Through the study of the process of medical-worker interaction and the performance of 3D printing products, combined with the application in practical work, the summary is as follows: establish the process and specification requirements of medical-worker interaction. From the perspective of personalized customized orthopedic medical devices, combined with clinical needs, from the situation that conventional products such as skull plates, pelvic prostheses, and talus prostheses cannot be met, we provide personalized customized prostheses for clinical needs for clinical practice.
Through the means of medical-worker interaction, clinical needs, clinical data collection, product design and development, and design verification are formed to form a standardized process of personalized customized prosthesis medical-worker interaction. 3D printing product standards have been established for 3D printing product design verification.

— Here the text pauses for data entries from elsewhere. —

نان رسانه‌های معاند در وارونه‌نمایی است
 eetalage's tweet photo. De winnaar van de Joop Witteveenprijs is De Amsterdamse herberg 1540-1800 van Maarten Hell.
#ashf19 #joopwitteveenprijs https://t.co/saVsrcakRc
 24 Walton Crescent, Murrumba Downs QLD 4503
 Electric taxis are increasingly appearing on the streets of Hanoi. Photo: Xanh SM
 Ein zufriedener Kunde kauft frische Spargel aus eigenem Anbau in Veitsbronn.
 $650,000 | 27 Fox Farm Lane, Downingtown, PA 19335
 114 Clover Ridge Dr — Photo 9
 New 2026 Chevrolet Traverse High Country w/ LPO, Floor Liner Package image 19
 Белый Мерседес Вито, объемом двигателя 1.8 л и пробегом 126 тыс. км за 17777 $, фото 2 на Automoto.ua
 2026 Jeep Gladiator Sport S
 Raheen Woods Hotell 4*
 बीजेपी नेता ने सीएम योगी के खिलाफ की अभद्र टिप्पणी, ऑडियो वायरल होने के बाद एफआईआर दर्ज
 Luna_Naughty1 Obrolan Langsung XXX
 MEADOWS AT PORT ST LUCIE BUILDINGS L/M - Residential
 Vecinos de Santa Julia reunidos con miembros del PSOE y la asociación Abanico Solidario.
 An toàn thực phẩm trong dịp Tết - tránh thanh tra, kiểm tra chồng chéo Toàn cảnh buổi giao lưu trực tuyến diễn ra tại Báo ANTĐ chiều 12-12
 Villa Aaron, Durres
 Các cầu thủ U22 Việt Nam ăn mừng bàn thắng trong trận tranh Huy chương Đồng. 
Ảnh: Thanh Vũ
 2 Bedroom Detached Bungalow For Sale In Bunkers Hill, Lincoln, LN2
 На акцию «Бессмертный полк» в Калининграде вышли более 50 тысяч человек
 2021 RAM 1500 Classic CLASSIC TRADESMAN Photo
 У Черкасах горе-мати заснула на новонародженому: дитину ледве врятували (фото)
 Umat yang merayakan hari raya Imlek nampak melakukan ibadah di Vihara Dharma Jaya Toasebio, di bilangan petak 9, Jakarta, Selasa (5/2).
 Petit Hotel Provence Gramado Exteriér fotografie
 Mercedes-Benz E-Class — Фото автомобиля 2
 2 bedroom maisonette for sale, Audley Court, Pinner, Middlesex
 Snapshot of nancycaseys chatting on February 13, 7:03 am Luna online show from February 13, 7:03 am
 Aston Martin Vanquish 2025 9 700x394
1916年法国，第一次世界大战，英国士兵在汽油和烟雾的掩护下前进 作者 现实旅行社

The three-dimensional structure of the prosthesis and the biomechanical satisfaction are verified, the microporous structure of the product surface is verified, and the biological reconstruction is studied.
The conversion process and the production and processing process of personalized customized medical device products are verified, so that the performance of the product meets the requirements of biomechanics, and the mechanical strength can be comparable to that of conventional processed products, so as to ensure that the final product meets clinical needs and meets the safety and effectiveness.
Taking the personalized customization of talus prosthesis as an example, the customized prosthesis completed by clinical needs, clinical data collection, product R&D and design, 3D printing, and final processing is applied in clinical practice, and the product is evaluated in the form of postoperative follow-up, and finally ensures that the 3D printed personalized customized prosthesis meets clinical needs through clinical confirmation. Establish a standardized 3D printing personalized prosthesis GMP system for standardizing the entire customization process between the hospital and the factory.
Through the combination of medical-engineering interaction, product R&D and design, processing verification, and finally clinical confirmation. Finally, a GMP system is established for the entire production process of personalized customized 3D printed medical devices, and a series of standards and specifications are formed. Industrialize the 3D printing equipment used in the production process, plan product production lines, and verify the production process.
And the technical standards, preclinical biology and functional testing of personalized customized prosthesis products to evaluate the safety, efficacy and controllability of personalized prosthesis after implantation. Communicate with clinicians to confirm the expected 72-hour full-chain complete solution from diagnosis of patient to surgical plan, to product design, to production and processing, and finally completion of implantation. Up to now, dozens of cases of clinical implantation of personalized customized prostheses have been completed. The expected effect of the challenge was achieved.